We set off early in an ancient, snarling Land Rover. Two Italians, two Ethiopians and myself. On route, we took a small detour to Shashamane, staying the night with a young Rastafari man and his children before heading on. We took the new highway back up to the capital, intending to spend a few days at a seminary.
Somewhere between Shashamane and Addis we began to notice that a line of men was forming along the side of the road. Initially the numbers were small, the formation loose. Groups of between two and five men, wandering along at sporadic intervals. Hardly a line at all, really.
But as we progressed the numbers grew, disproportionately so, and the smaller groups began to merge into larger, more purposeful –looking groups of men. “Where are they going?” somebody asks. The answer is vague, unsure. This is a new road, built while we were in the south, and our Ethiopian companions do not know the area. “Maybe they head to market.” But those that head to market carry their goods in hand. If these were men of trade they travelled light.
We continued north in our beaten up 4×4, watching with mild intrigue as the numbers increased and the ragged groups became a single, tramping column. One of our party pointed out that many were carrying thin spears, and others machetes. Further on, I noticed that handguns, Kalashnikovs, and other small arms were becoming more common.
There were, we realised, no other roads to Addis. Whatever was happening up ahead, we would have no choice but to meet it head on.
Soon the column began to disseminate into the trees to our right. In the distance to our left, we heard the sound of gunfire. “Be careful,” said our driver, “Stay in the car.” There were more people in the road now, and we had to weave between them as our vehicle approached a crowded settlement.
Several of the armed men eyed us suspiciously as we crawled along the road, and a few fell in step with the car. One man met my eye for an uncomfortable length of time. Still staring, he raised his machete to his temple.
Without warning we jerked to a halt. A dozen or so men were busily piling up stones and wood, blocking the road. Why this was necessary was anyone’s guess; we hadn’t passed another vehicle for over an hour. Our driver wound down his window a few inches and shouted to the men. They carried on regardless. He bibbed the horn. Still nothing.

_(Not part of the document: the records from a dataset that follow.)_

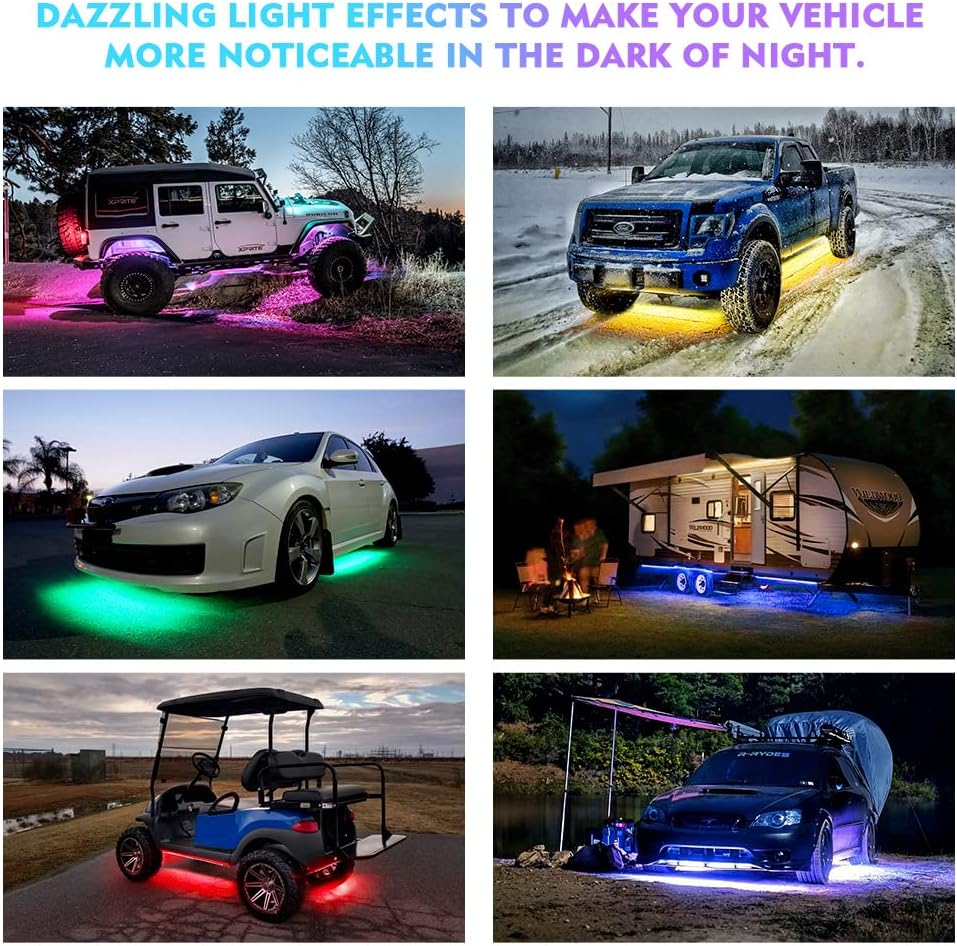 RGB LED Car Underglow Light Kit, 4 PCS, Pack of 2 Y3305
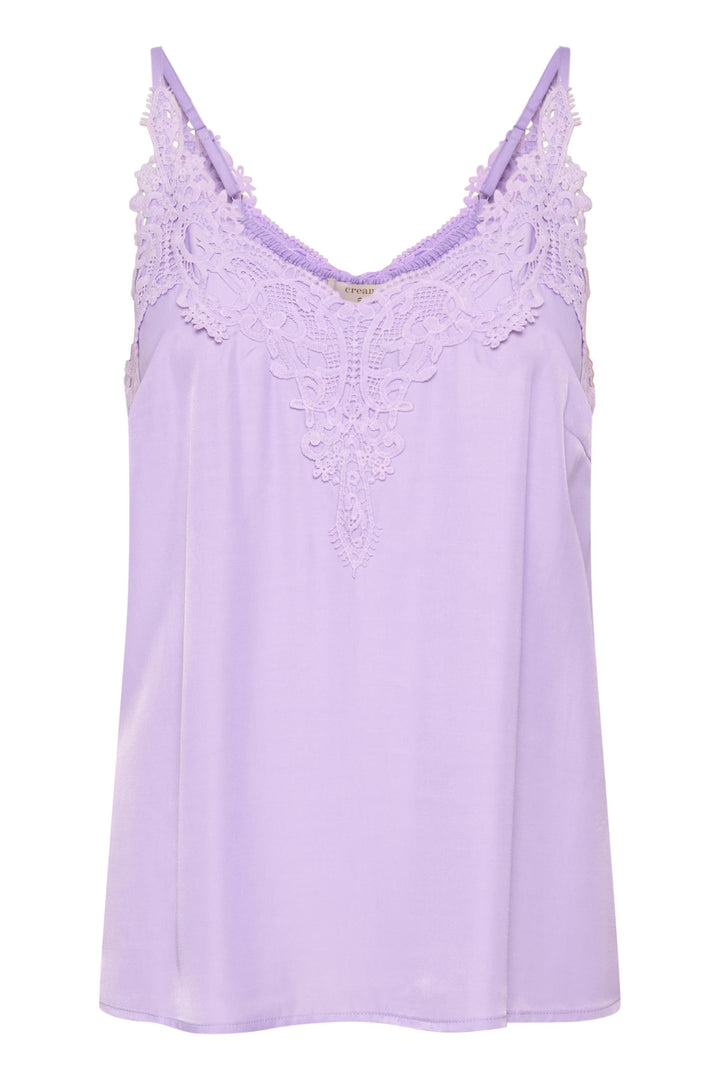 Camisole Anna lavande avec dentelle encolure en V, coupe A, idéale pour un look élégant ou décontracté.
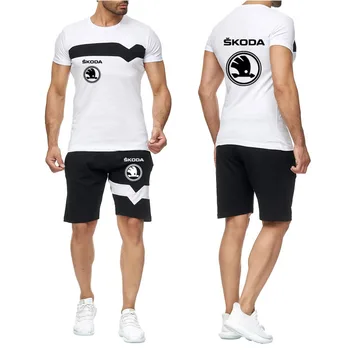 JAUNU Vīriešu Modes gadījuma Skoda automašīnu Logo, Hip hop, street vasaras Modes gadījuma vienkrāsainu kokvilnas T-krekls + bikses 2-piece set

A man ran in front of the car and struck the bonnet with his spear as he passed. Figures were emerging from the trees to our right, pumped with adrenaline. Several more people struck the car with whatever they were carrying; the flat of a blade, the butt of a rifle. They were heading into the distance to our left. A small group of men were standing nearby, just watching us. Our driver shouted something urgently in Amharic. They didn’t respond. He wound the window back up and turned to face us. “Hold on,” he said, and revved the engine.
Horn blaring he accelerated forward. The men scattered from in front of the road block and we drove over, and partially through it, as it parted under the weight of the car. A group of about thirty people watched us speed away. The rest continued to run.
What we witnessed on the road to Addis in 2008 remains unclear. We must have seen armed men in their hundreds, travelling to battle. But what battle, and why?
Extensive Amnesty International reports cover the violence ongoing in Ogaden at that point. The Somali-orientated region in the east of the country had been struck by drought, and famine, and an armed conflict between government forces and the Oromo National Liberation Front (ONLF) had been ongoing for years.
But we were in central Ethiopia, hundreds of miles away; possibly in or near the Oromia region.
I pressured our driver for his opinion. He told me it was “Just regional conflict.” When I asked if such battles were common, he said “Sometimes” – which is not an answer.
What happened, out there, in the Ethiopian countryside? Why has it never been reported?
For now I can only speculate, but I will find out.